The Corner

Egypt: What Next?

Three cheers for the Egyptian people. Mubarak’s departure can be good news, but now the real challenges begin. 

Who is in charge? The army is not monolithic. I’d be looking to see what Chief of Staff Sami Anan is doing. He is much more respected in Egyptian society than either Defense Minister Tantawi or Vice President Suleiman.

What should the Obama administration do now?

  • Obama tried to straddle the fence during the uprising; neutrality is not an option now.  Obama should welcome accountability and enunciate a clear timeline for the transition.  For example, he should say that only new elections in September 2011 will give Egypt a legitimate government. The army has vested economic interests in Egypt, and may seek to keep control to keep their pocketbooks secure. Remember, Egypt has not fought a war since 1973, and so most Egyptians know their generals not as warriors, but rather as businessmen. There will be a temptation among some to ask why right the United States has to suggest anything.  But if Obama, in a fit of moral equivalency, decides he cannot speak to what would be legitimate in Egypt, then he will concede the role to Syria, Libya, Saudi Arabia, and Turkey.

  • The State Department should avoid the temptation to bless a broad-based transitional government.
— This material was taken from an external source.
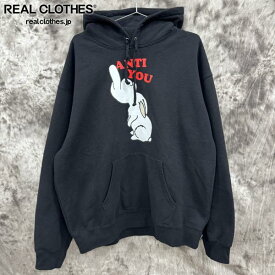 【中古】Supreme×UNDERCOVER/シュプリーム×アンダーカバー【23SS】Anti You Hooded Sweatshirt/アンチ ユー フーディー パーカー/ブラック/XL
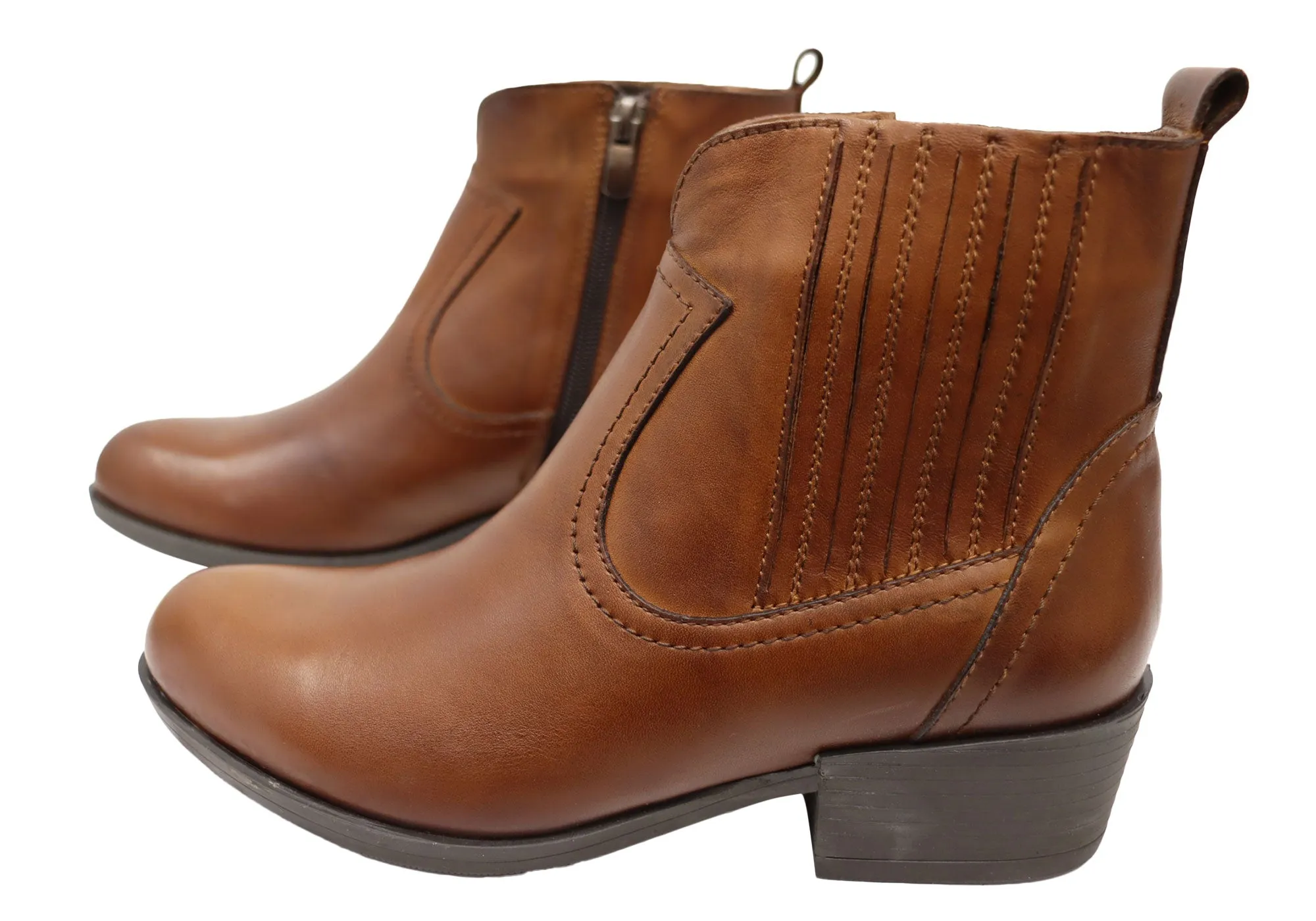 Orizonte Alotti Damen Europäische Bequeme Leder Knöchelstiefel Orizonte Schuhe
Not only would this be unwieldy and lead to infighting over who is included and excluded and who has what role, but it could open Egypt more easily to a Kerensky moment.

  • If the army controls the transition, then it is time for the U.S. Congress to impose conditionality on American military aid in order to influence the Egyptian army’s behavior during this time.

  • Egypt faces a danger of one man, one vote, one time. The Obama administration should join with any European allies it has left and other regional allies to define both who is a legitimate participant, and what checks-and-balances are necessary to prevent the domination of any single group.

  • There were nine months between the return of Ayatollah Khomeini to Iran, and the hostage drama during which time radical Islamists hijacked the revolution by seizing upon populist issues. President Obama should deprive the Muslim Brotherhood of this opportunity by demanding the immediate repatriation of the money Mubarak squirreled away. Let Mubarak retire on his military pension; he should not retire on $40 billion.

  • The State Department should monitor the accessibility of Egyptian state-owned media to all political parties and, likewise, ensure that newsprint is available to all newspapers (rationing newsprint is a common Middle Eastern form of control). We should not hesitate to be the voice of transparency.

  • President Obama should also consider the bigger picture. We are in a proxy war with Iran for influence, whether we like it or not. Just as Supreme Leader Khamenei and President Ahmadinejad are declaring the Egyptian uprising their own, why not have President Obama call on the Iranian people to rise up and follow the Egyptian example for true accountability and democracy?

Michael Rubin is a resident scholar at the American Enterprise Institute, senior lecturer at the Naval Postgraduate School’s Center for Civil-Military Relations, and a senior editor of the Middle East Quarterly.